‘BEN EŞİMİ KAYBETTİKTEN SONRA HİÇ ŞEHİT KELİMESİNİ KULLANMADIM'
"Yas konusunda kendi deneyiminizden de hareketle tahliller yapıyorsunuz. Toplum ne yapmalı bu acılar karşısında?" sorusuna Hablemitoğlu, "Bilimsel olarak mecburen konuyla ilgilenmek, bir yandan da benzeri acıyı yaşamış olmak ince bir çizgi. Her ölümde çok hikâye var. Hepsi birer toplumsal travma" yanıtını verdi. ‘Toplumun yas tutup tutamadığını konuşmak gerektiğini' söyleyen Hablemitoğlu, "Ben eşimi kaybettikten sonra hiç şehit kelimesini kullanmadım. Çünkü onun başka bir tanımı var. Dini bir tanım ve biz bir hukuk ülkesiyiz. Henüz anayasal olarak bu değişikliği yaşamadığımız için. Bizim kolektif bir biçimde yas tutmamızı elimizden alan bir şey şehitlik" diye konuştu.

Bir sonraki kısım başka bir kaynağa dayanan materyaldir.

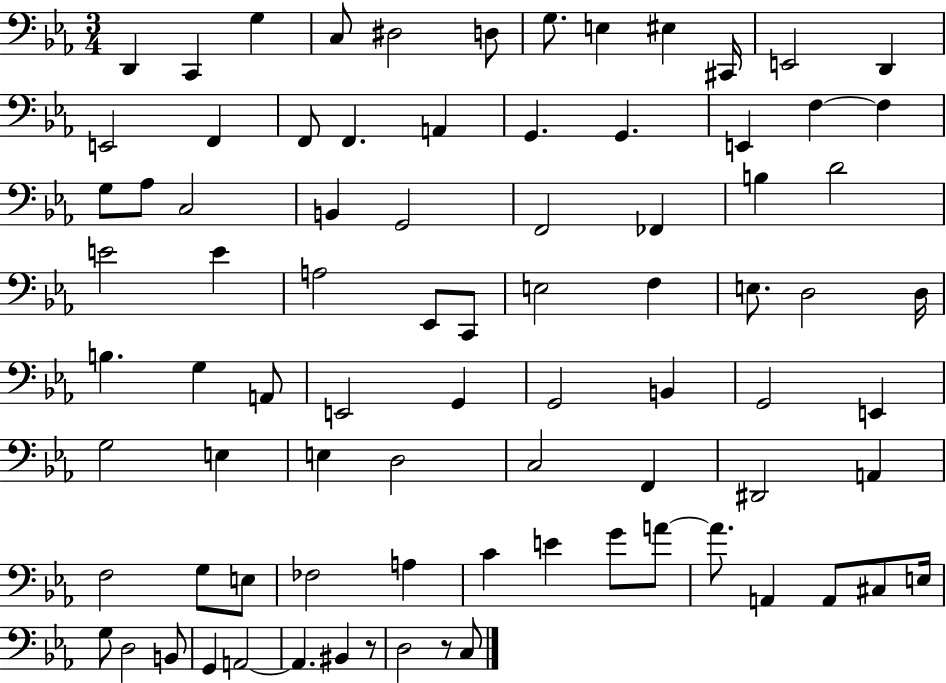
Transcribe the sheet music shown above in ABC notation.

X:1
T:Untitled
M:3/4
L:1/4
K:Eb
D,, C,, G, C,/2 ^D,2 D,/2 G,/2 E, ^E, ^C,,/4 E,,2 D,, E,,2 F,, F,,/2 F,, A,, G,, G,, E,, F, F, G,/2 _A,/2 C,2 B,, G,,2 F,,2 _F,, B, D2 E2 E A,2 _E,,/2 C,,/2 E,2 F, E,/2 D,2 D,/4 B, G, A,,/2 E,,2 G,, G,,2 B,, G,,2 E,, G,2 E, E, D,2 C,2 F,, ^D,,2 A,, F,2 G,/2 E,/2 _F,2 A, C E G/2 A/2 A/2 A,, A,,/2 ^C,/2 E,/4 G,/2 D,2 B,,/2 G,, A,,2 A,, ^B,, z/2 D,2 z/2 C,/2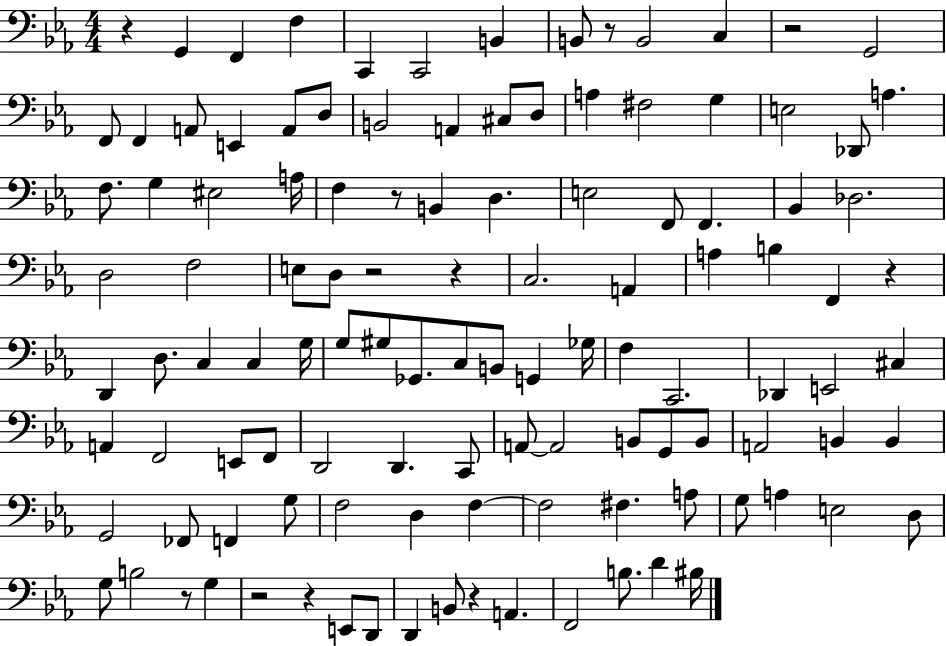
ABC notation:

X:1
T:Untitled
M:4/4
L:1/4
K:Eb
z G,, F,, F, C,, C,,2 B,, B,,/2 z/2 B,,2 C, z2 G,,2 F,,/2 F,, A,,/2 E,, A,,/2 D,/2 B,,2 A,, ^C,/2 D,/2 A, ^F,2 G, E,2 _D,,/2 A, F,/2 G, ^E,2 A,/4 F, z/2 B,, D, E,2 F,,/2 F,, _B,, _D,2 D,2 F,2 E,/2 D,/2 z2 z C,2 A,, A, B, F,, z D,, D,/2 C, C, G,/4 G,/2 ^G,/2 _G,,/2 C,/2 B,,/2 G,, _G,/4 F, C,,2 _D,, E,,2 ^C, A,, F,,2 E,,/2 F,,/2 D,,2 D,, C,,/2 A,,/2 A,,2 B,,/2 G,,/2 B,,/2 A,,2 B,, B,, G,,2 _F,,/2 F,, G,/2 F,2 D, F, F,2 ^F, A,/2 G,/2 A, E,2 D,/2 G,/2 B,2 z/2 G, z2 z E,,/2 D,,/2 D,, B,,/2 z A,, F,,2 B,/2 D ^B,/4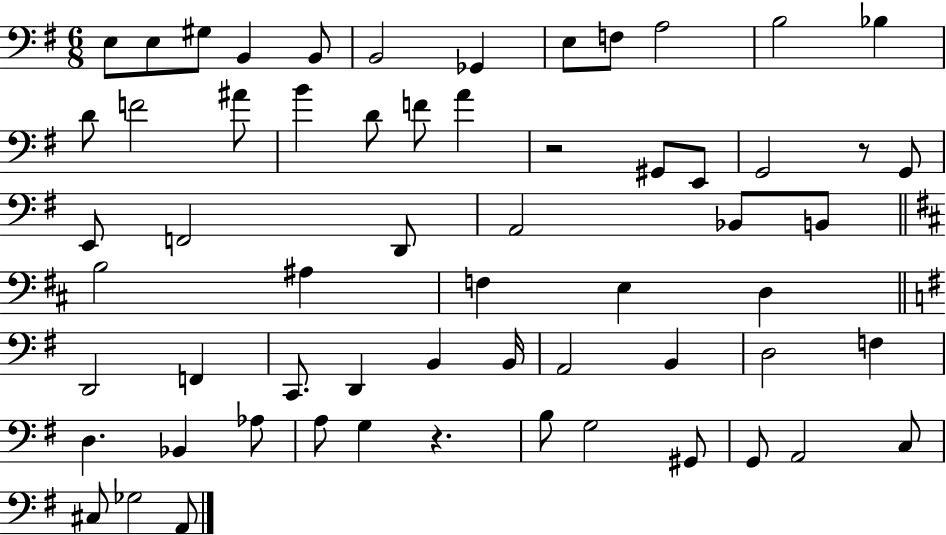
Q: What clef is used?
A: bass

‘İNSANLARIN KATLEDİLDİĞİNİ KABUL ETMEK ZORUNDAYIZ'
‘TOPLUMSAL YAS AYRIŞTIRILIYOR'
Yas tutan bireyin 5 aşamadan geçtiğini aktaran Hablemitoğlu, "Biri şok ve inanamamak ve ardından inkâr gelir. Şehit demek inkâr biçiminden biridir. İnsan eliyle gerçekleştirilmiş ölümü bu şekilde reddetmiş oluyoruz. Kitlesel ölüm olduğunu kabul etmemiz gerekiyor" dedi.
Hablemitoğlu, "Ciddi bir biçimde, bile ve isteye insanların yas tutması engelleniyor. Bu ölümlerin ardından yaşanabilecekleri inkâr üzerine kurarsak bütünleşme sağlanamaz. Toplumsal yası ayrıştırıyorsak toplumsal bütünleşmeyi de engelliyoruz demektir" diye konuştu.
Türkiye'nin ‘Yasallaştırılmaya çalışılan bir kötülük düzlemine' doğru çekildiğinin altını çizen Hablemitoğlu, "Toplumun önünde birtakım model insanlar var. ‘Kadına dayak atabilirsiniz, Alevi'ye saldırabilirsiniz, bunlar normal' deniyor insanlara. Ben yaptığımdan eminim ve cezalandırılmıyorum diyor insanlar. Mesela hâkim ne işin vardı orada diye sorabiliyor bir kadına. Toplumda adalet duygunuz, eşitlik duygunuz, güven duygunuz zedeleniyor. Neye sarılacaksınız? Davranışları meşru olarak gören kesimin güçlendiğini de görüyorsunuz. Eşitliğe, insan haklarına inanan kesim sessizleşiyor. Ve bu özellikle yapılıyor" dedi.
‘DEVLET HER ŞEYE MÜDAHİL'
"Devlet bize paylaşılabilecek alanlar açmıyor" diyen Hablemitoğlu, "Devlet her şeye müdahil. Devlet kendini mi vatandaşı mı korumakla yükümlü? Vatandaşını koruyamayan devlet, kendini de koruyamaz" yorumunu yaptı.